Former prime minister Kevin Rudd supports Australia's bid for a United Nations Security Council seat, but he says the government's first priority should be the economy.
Mr Rudd's comment came as Prime Minister Julia Gillard headed home from New York after making a final pitch to world leaders to support Australia's push for a non-permanent seat on the UNSC.
Opposition Leader Tony Abbott said on Friday the bid had led to Australia's aid being "redirected" to secure votes and jibed in an interview on the Nine Network: "If we can't beat Luxembourg, there's something wrong, frankly."
Mr Rudd told reporters in Brisbane on Friday that the UNSC bid, which he launched four years ago, was always going to be a difficult contest.
"The number one priority for Australia is to make sure we have a strong economy ... (and) the tax revenue to deliver the basic services that Australian people want in health and education ... a clean environment and our national defence," Mr Rudd said.
But he said it was in Australia's national security interest to have a role in the UNSC, and he supported the prime minister's effort to see the bid succeed.
"When I launched the bid in 2008 I made it very plain this would be very, very difficult," Mr Rudd said.

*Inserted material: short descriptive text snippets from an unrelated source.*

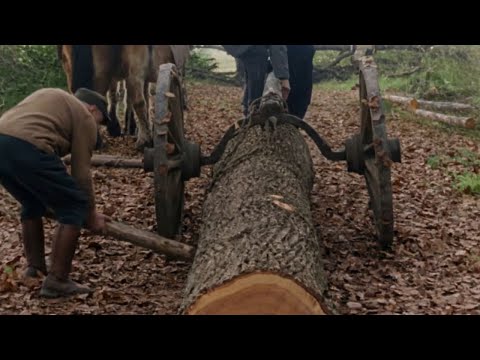 Oak Logging by Hand — An Epic Journey from Forest to Mill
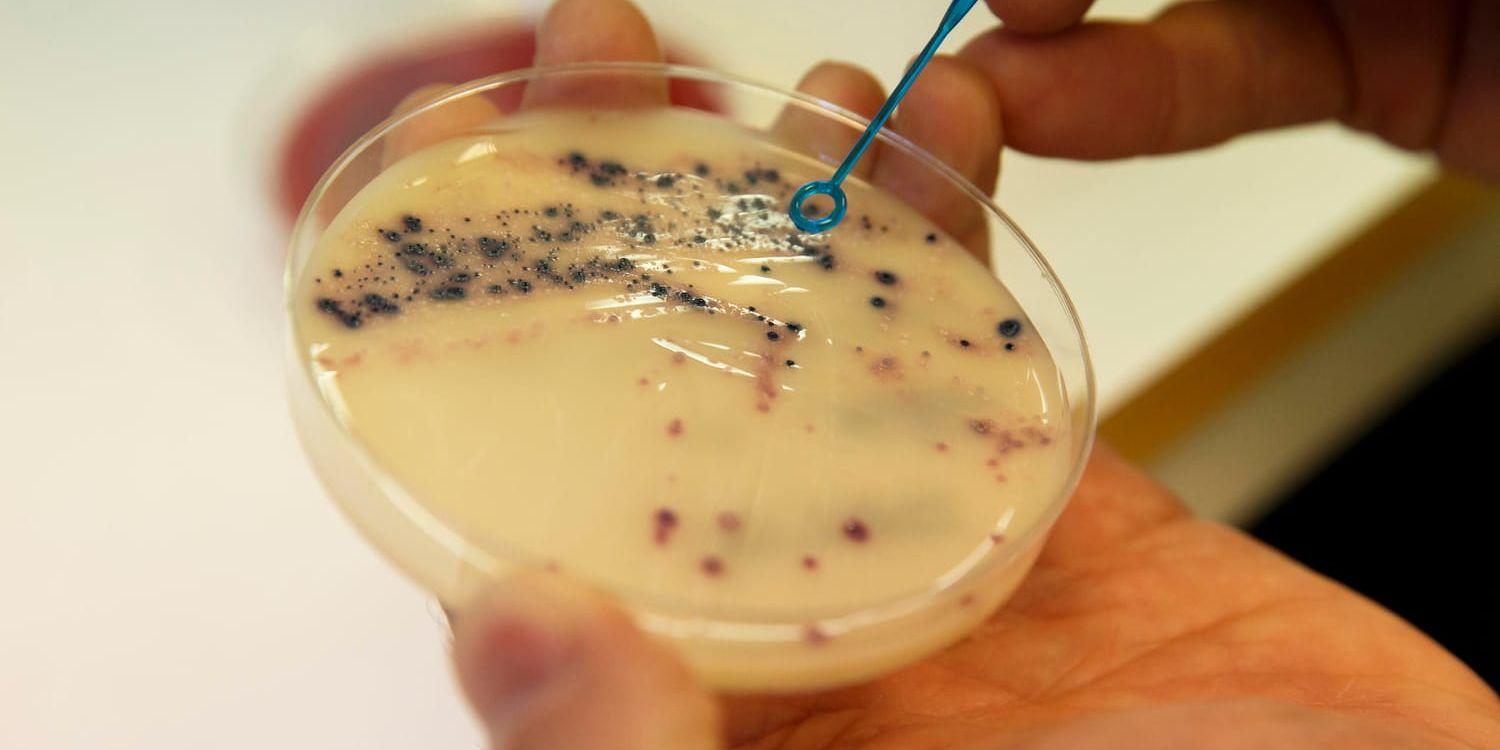 Tre patienter på infektionsavdelningar i Malmö har smittats av resistenta bakterier. Arkivbild.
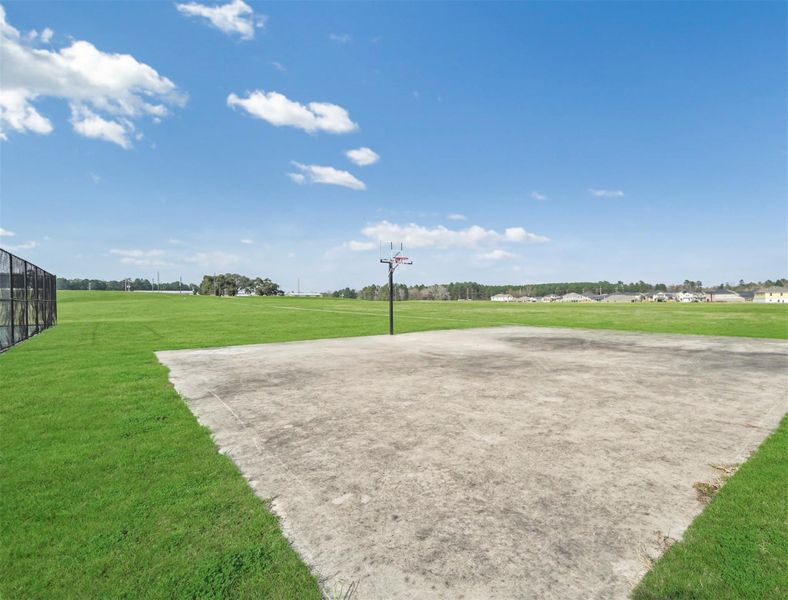 Natural landscape and outdoor views near Waterstone on Lake Conroe in Montgomery (Image 29). Natural landscape and outdoor views near Waterstone on Lake Conroe in Montgomery (Image 29).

"This is by no means a lay-down misere - it's going to be hard-fought all the way."
Before she left New York, where she addressed the UN General Assembly, Ms Gillard said she had achieved her five targets for the trip, including supporting UN-led anti-poverty goals.
"I came here with five objectives, and that was to advocate for the Millennium Development Goals; to talk about the importance of peace building; to deliver my address to the UN General Assembly; to meet fellow leaders; and of course to advocate for our Security Council bid," she said.

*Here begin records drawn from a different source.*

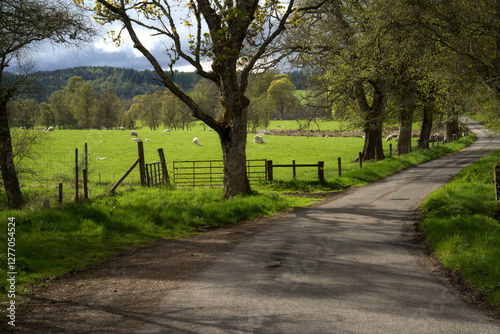 Scotland narrow country lane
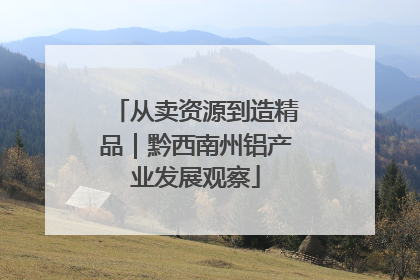 从卖资源到造精品｜黔西南州铝产业发展观察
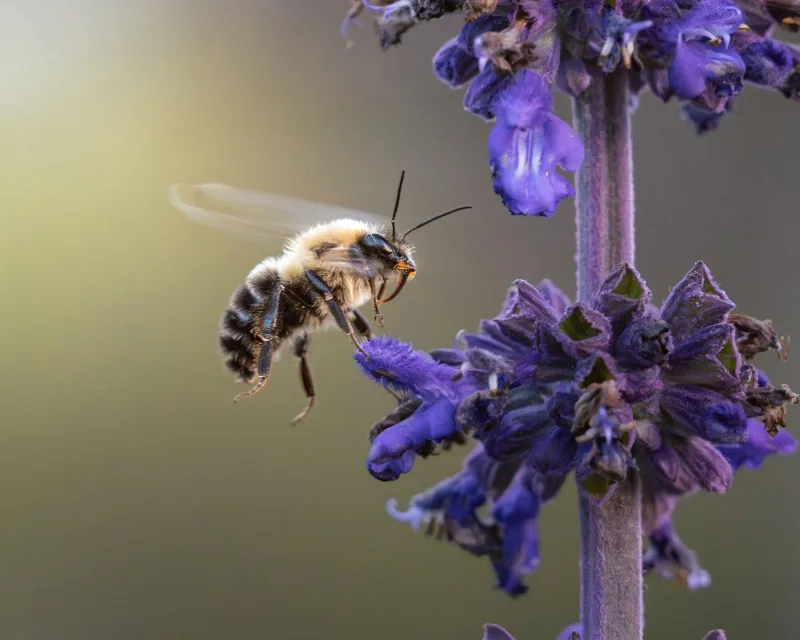 Biene fliegt eine blühende Salbeiblüte an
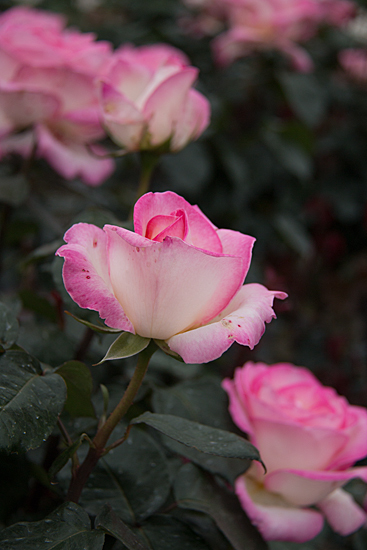 b0014607_21432180.jpg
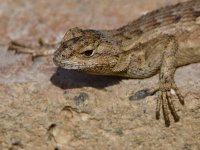 Lizard3.jpg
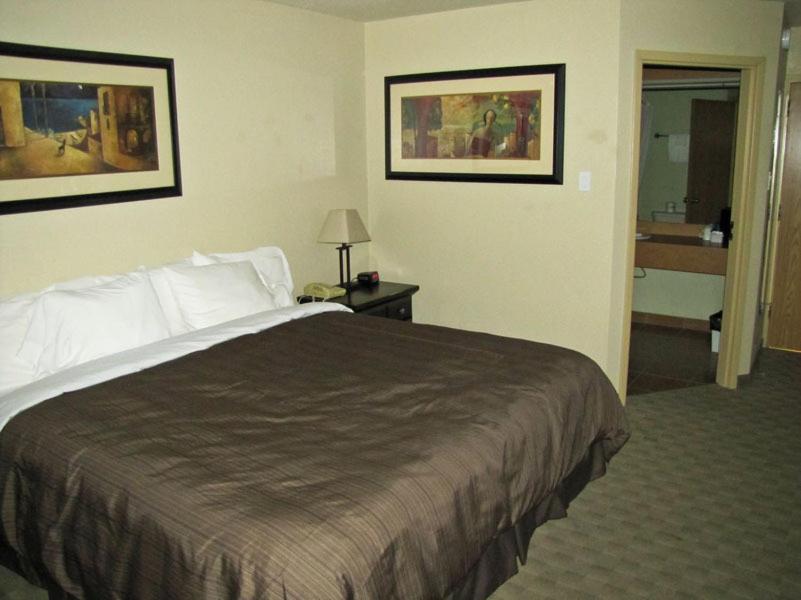 Quality Inn & Suites Winkler Room photo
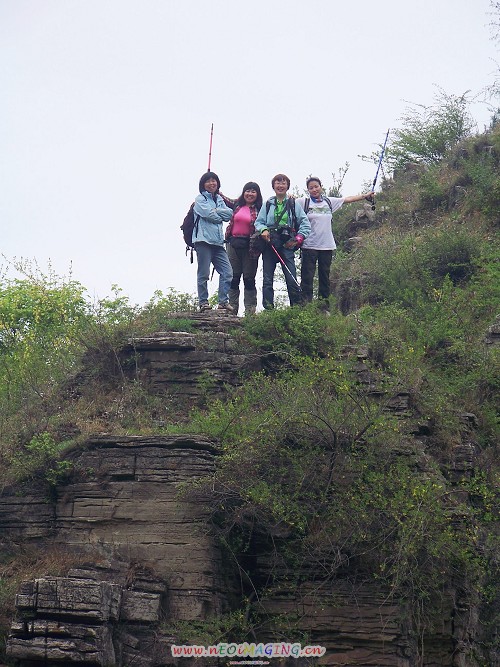 100_9504-1.jpg
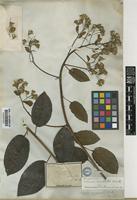 Type of Senecio caracasanus Klatt [family COMPOSITAE]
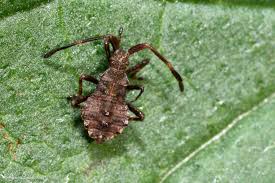 Attēlu rezultāti vaicājumam “Coreus marginatus nymph”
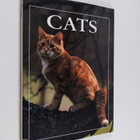 Angela Rixon : Cats - pikkukuva 1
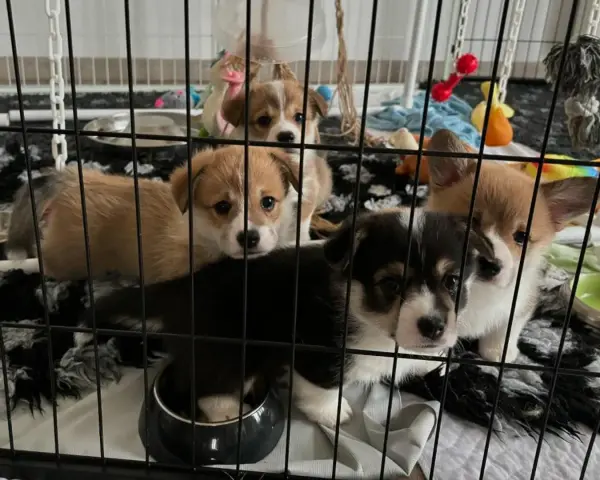 Urocze szczenięta corgi w klatce. Jak przyzwyczaić psa do klatki? Te maluchy już się aklimatyzują, otoczone zabawkami i wygodnym posłaniem.
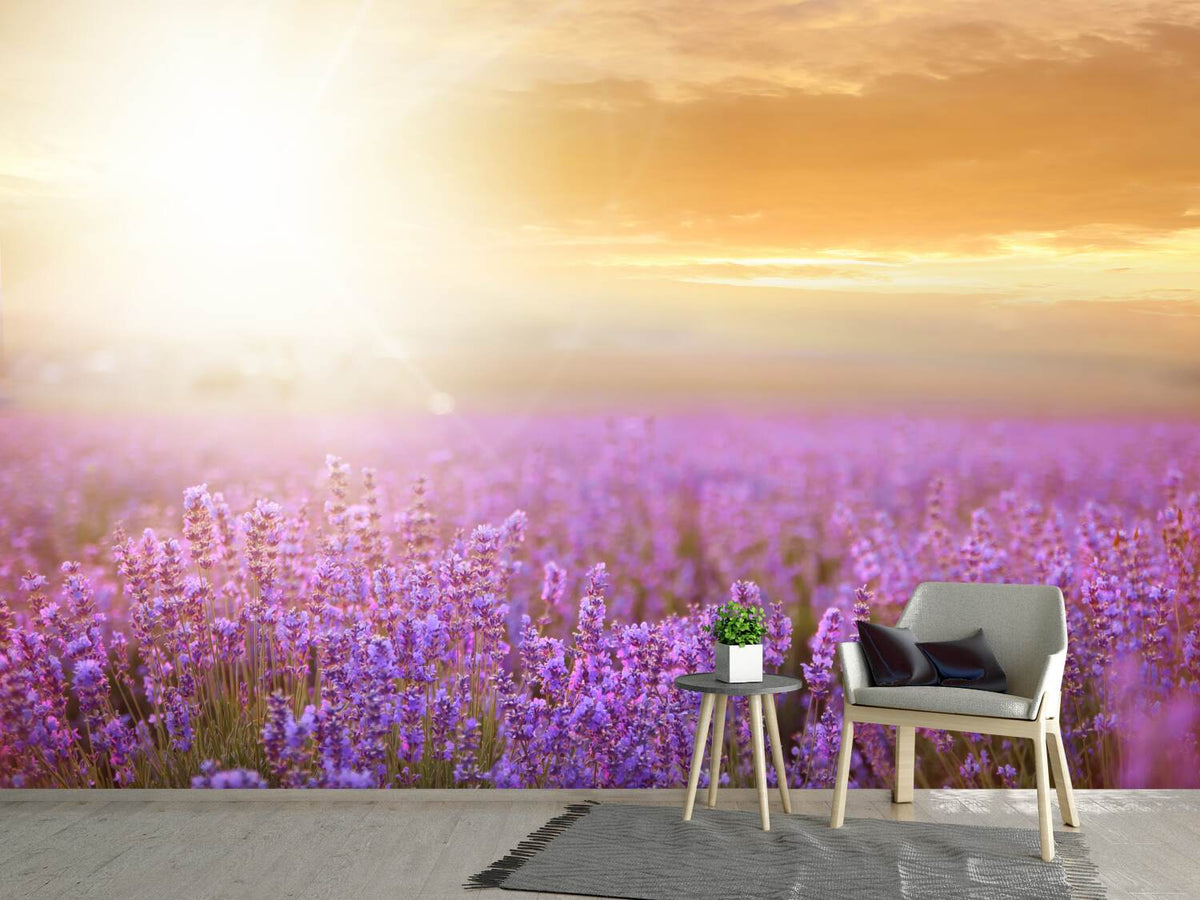 photo-wallpaper-sunset-in-lavender-field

"I have been able to do all of those five things across the week."
The prime minister refused to speculate on Australia's chances of securing a 2013-14 Security Council seat at a secret ballot of 193 nations to take place on October 18, describing it as a "tight and tough" race.
But she said, whatever the result, the week at the UN had reinforced to her the fact that Australia was "respected in the world".
Foreign Minister Bob Carr dismissed a report quoting an official saying the bid was "in the bag".
"I would love that interpretation to be true, but no diplomat working for us in Canberra or here has said anything like that. None of them have said anything different from the fact that, at best, it's going to be close," Senator Carr told reporters in New York.
He said competitors for the seats, Finland and Luxembourg, had begun their campaigns much earlier than Australia and secured commitments from other nations long before 2008.
Before she left, Ms Gillard and partner Tim Mathieson visited New York's 9/11 memorial.
The site where two aircraft hijacked by terrorists flew into the World Trade Centre towers, killing more than 2750 people, now contains reflective pools, a tree and new construction.
She also met with Microsoft co-founder and chairman Bill Gates for talks focused on the global fight against polio.